__DATA FOR THIS EXERCISE__:
────────

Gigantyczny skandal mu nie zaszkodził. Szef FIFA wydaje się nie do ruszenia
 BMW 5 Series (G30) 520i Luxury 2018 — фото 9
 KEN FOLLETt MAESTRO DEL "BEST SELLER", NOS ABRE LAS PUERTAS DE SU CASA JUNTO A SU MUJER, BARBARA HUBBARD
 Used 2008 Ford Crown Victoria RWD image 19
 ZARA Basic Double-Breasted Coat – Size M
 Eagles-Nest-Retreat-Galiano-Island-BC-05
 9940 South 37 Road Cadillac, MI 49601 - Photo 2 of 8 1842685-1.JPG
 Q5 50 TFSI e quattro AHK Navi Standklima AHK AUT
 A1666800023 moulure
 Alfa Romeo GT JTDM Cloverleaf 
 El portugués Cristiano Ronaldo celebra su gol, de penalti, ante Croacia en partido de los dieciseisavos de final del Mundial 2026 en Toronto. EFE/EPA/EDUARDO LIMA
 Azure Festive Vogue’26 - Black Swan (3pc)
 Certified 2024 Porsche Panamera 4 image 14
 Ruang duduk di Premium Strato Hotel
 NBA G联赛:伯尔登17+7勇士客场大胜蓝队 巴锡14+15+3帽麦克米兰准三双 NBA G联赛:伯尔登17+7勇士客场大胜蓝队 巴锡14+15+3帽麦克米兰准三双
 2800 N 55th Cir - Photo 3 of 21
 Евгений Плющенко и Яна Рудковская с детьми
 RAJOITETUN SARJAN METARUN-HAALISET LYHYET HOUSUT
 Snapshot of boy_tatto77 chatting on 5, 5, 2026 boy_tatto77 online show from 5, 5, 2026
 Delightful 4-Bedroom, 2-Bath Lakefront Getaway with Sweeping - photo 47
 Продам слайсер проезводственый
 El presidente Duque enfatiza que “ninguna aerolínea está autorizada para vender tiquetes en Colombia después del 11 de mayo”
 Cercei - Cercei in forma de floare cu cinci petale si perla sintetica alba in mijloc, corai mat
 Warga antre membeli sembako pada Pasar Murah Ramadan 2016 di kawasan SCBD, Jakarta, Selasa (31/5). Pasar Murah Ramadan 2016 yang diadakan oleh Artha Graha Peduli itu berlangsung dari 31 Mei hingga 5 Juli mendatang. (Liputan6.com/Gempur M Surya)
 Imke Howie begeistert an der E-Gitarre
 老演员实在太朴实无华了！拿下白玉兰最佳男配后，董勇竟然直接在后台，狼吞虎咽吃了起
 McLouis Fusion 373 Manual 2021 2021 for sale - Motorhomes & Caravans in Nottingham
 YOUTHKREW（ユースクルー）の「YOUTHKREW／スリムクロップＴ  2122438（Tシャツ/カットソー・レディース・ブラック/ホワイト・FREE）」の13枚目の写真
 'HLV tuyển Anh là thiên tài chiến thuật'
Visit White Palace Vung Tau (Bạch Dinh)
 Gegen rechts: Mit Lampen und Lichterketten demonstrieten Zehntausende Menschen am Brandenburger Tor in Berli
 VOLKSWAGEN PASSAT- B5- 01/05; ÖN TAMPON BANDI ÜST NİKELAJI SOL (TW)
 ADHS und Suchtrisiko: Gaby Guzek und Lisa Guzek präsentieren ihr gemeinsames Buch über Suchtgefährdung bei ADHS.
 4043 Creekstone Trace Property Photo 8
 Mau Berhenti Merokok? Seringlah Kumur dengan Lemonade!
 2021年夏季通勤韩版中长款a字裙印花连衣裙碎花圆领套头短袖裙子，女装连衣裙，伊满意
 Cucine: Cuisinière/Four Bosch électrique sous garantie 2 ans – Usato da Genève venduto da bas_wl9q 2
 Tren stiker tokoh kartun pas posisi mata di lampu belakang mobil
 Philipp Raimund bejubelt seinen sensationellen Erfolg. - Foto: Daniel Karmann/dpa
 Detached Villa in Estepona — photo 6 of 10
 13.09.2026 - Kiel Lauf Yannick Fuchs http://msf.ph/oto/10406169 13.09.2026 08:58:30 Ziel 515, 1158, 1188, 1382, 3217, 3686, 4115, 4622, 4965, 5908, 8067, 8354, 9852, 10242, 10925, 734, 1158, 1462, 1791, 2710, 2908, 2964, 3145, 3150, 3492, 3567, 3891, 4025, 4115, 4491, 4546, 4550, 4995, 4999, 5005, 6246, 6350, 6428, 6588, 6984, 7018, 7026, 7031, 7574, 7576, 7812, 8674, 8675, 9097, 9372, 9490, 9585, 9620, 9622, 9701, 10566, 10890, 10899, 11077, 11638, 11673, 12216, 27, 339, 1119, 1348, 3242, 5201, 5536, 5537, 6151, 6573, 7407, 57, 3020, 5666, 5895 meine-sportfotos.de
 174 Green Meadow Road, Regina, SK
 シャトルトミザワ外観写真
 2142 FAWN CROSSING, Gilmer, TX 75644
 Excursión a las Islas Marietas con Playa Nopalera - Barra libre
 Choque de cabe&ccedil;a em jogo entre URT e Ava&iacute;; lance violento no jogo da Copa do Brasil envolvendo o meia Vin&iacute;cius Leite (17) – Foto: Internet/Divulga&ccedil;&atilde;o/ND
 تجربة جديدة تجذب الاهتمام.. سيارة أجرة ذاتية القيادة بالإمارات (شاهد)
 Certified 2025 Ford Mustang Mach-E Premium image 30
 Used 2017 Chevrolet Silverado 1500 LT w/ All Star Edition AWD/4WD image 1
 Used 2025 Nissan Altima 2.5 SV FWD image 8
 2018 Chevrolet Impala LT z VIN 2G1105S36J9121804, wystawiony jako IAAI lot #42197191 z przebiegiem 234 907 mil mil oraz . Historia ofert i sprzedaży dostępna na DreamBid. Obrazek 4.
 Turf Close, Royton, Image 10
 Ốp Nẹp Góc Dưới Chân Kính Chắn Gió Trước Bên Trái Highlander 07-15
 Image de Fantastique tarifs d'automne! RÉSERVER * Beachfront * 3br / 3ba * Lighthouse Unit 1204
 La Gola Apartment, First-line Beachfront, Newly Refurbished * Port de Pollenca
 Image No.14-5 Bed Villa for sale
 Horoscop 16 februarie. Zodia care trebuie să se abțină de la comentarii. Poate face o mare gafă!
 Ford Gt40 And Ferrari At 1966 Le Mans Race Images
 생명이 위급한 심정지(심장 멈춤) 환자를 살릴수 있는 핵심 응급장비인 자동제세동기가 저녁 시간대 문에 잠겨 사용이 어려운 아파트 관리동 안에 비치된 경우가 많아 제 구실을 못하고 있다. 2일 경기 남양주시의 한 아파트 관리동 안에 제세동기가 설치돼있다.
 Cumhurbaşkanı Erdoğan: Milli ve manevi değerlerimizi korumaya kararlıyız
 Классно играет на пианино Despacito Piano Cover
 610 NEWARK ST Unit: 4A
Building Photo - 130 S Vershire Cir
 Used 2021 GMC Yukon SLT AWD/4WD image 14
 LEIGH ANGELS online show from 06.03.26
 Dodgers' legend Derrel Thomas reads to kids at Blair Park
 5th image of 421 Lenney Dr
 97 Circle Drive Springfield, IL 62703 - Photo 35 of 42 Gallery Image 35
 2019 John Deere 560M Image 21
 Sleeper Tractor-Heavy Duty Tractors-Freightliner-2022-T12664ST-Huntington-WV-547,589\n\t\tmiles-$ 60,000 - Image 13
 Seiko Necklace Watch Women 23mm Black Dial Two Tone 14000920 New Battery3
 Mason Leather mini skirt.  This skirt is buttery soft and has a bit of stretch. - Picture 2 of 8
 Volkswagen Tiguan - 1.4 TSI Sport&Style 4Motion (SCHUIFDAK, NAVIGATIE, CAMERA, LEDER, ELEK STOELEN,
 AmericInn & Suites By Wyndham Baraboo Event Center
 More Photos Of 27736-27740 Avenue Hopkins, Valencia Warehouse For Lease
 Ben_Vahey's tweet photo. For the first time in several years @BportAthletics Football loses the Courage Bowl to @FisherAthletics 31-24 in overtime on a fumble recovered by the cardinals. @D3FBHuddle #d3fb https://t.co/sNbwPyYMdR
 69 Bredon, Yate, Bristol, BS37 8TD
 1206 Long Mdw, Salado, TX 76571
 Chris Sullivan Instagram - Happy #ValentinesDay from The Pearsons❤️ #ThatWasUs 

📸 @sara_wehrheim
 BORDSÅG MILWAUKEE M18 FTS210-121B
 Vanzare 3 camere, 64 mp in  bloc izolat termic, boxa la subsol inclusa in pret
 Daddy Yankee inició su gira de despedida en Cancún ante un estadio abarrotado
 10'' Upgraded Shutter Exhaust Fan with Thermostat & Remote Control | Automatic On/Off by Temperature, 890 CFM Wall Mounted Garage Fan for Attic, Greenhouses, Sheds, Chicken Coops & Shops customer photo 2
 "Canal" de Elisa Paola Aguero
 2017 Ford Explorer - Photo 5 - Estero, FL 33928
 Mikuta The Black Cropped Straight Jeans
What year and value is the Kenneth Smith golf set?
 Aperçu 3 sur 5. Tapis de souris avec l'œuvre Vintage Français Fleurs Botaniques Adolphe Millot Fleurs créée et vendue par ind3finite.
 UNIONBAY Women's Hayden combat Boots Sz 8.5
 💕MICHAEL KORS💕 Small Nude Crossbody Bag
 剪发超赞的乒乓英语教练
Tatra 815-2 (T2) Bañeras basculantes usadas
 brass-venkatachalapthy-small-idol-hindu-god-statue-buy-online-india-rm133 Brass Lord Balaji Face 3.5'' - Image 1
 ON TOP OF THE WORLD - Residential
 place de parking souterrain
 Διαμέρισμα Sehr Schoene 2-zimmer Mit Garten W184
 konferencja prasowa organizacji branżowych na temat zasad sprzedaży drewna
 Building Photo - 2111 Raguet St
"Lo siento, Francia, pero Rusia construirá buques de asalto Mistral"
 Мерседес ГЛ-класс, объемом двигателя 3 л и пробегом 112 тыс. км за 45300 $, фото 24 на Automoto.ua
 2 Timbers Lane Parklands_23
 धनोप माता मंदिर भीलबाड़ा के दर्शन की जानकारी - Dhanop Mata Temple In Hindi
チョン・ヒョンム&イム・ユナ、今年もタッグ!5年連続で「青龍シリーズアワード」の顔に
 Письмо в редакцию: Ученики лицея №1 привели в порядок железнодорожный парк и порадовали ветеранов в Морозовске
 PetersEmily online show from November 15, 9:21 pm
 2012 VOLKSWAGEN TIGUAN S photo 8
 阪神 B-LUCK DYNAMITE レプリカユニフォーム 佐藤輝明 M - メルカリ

────────

__WORK TO COMPLETE__:
Word for word, please return the lines from the one containing "PetersEmily online show" through the end of the listing, both ends included, and nothing else.

__EXERCISE OUTPUT__:
 PetersEmily online show from November 15, 9:21 pm
 2012 VOLKSWAGEN TIGUAN S photo 8
 阪神 B-LUCK DYNAMITE レプリカユニフォーム 佐藤輝明 M - メルカリ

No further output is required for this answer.